To reduce the volume of classified loans, the Bangladesh Bank has once again offered special concessions in the repayment of term loans given out to businesses.
In a circular issued on Sunday, the central bank justified the new concessions by saying that the real income of borrowers had fallen due to the severe impacts of the prolonged Russia-Ukraine war.
However, a classified loan is a bank loan that is at risk of default.

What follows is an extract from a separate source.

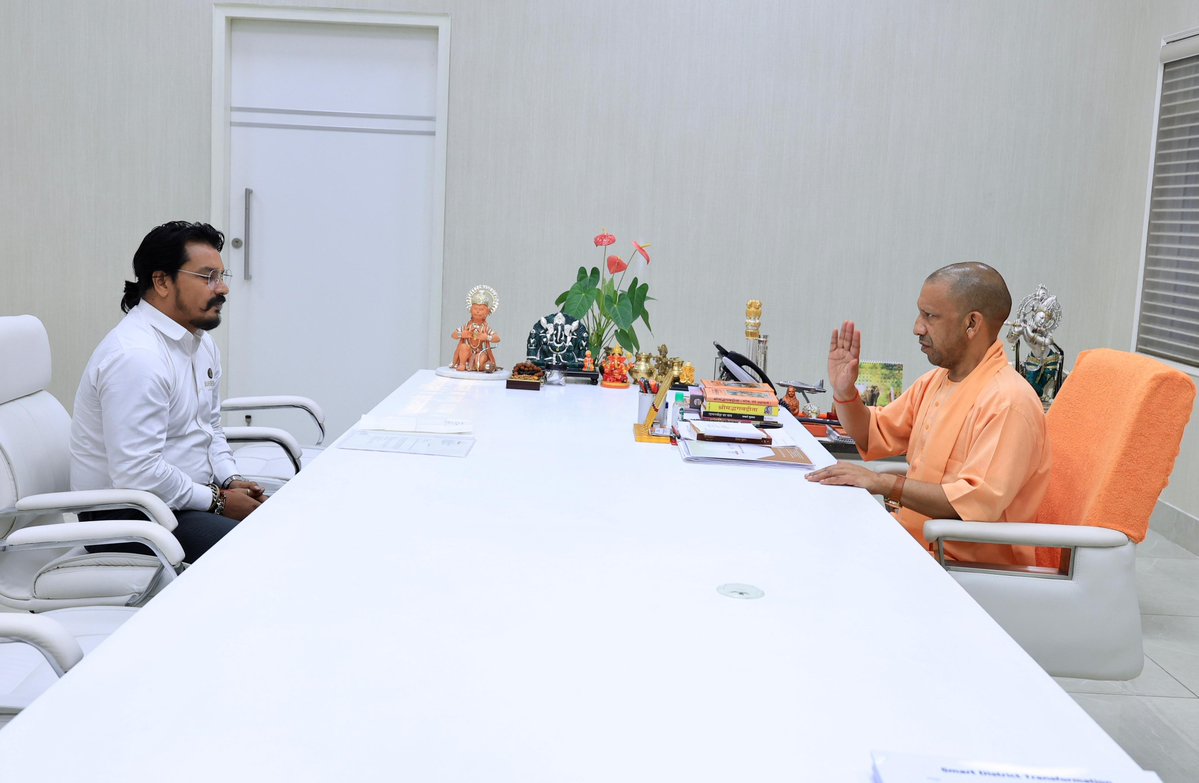 myogioffice's tweet image. मुख्यमंत्री श्री @myogiadityanath जी महाराज से आज लखनऊ में बाराबंकी स्थित प्राणमित्र फाउंडेशन के संयोजक श्री पवन सिंह रघुवंशी जी ने शिष्टाचार भेंट की।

After giving that loan moratorium facility, no one will be considered as defaulters if 50% of the installment is deposited now.

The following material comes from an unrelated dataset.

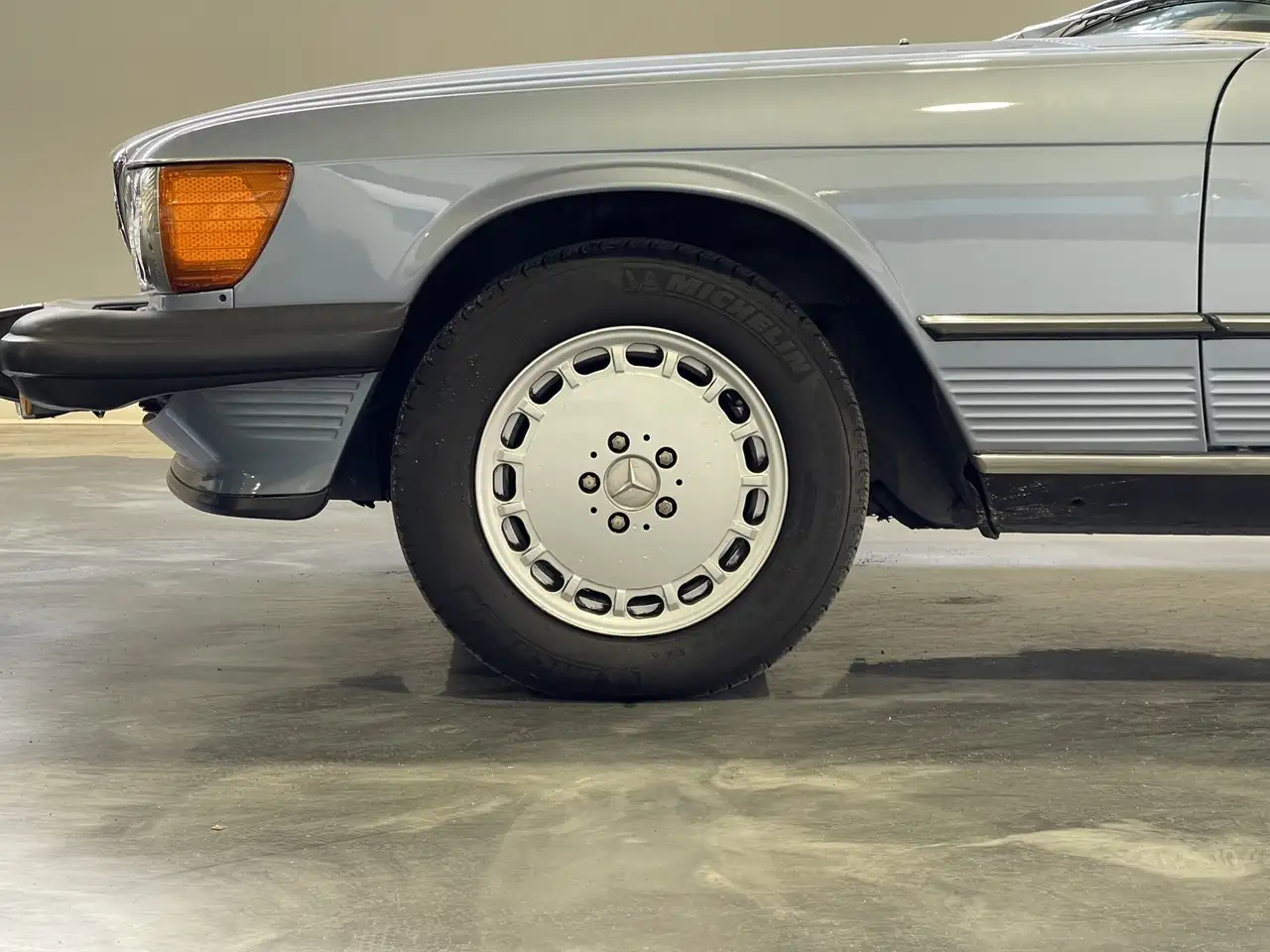 Mercedes-Benz 560 снимка Mercedes-Benz 560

Earlier, 75% of the installments had to be deposited to be removed from the list of defaulters.
This opportunity will be available until this month; eight more working days from Monday (December 19).

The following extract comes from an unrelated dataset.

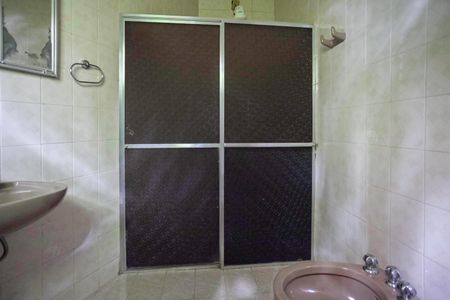 Casa para alugar com 360m², 3 quartos e 2 vagasBanheiro da suíte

Earlier on December 12, leaders of the Federation of Bangladesh Chambers of Commerce and Industry (FBCCI), the apex body of businesses, met Bangladesh Bank Governor Abdur Rouf Talukder to seek a loan waiver.
They wanted the businesses to be free from default classification even if they did not pay the loan installments until June 2023.
After that, the latest extension came in less than a week.
Bangladesh Bank has given a bunch of new discounts in view of their demands even though they have not paid the full amount, also hoping that the relaxed facility will help keep economic activities moving and make paying installments easy for borrowers.
Bangladesh Bank offer
- Loans cannot be classified if 50% of installments are paid by December 31
- The remaining 50% must be repaid within a year after maturity of the loans
* The facility was given to all types of loans throughout 2020
However, the facility of non-payment of loan installments was given to all types of loans throughout the last year of 2020 because of the pandemic.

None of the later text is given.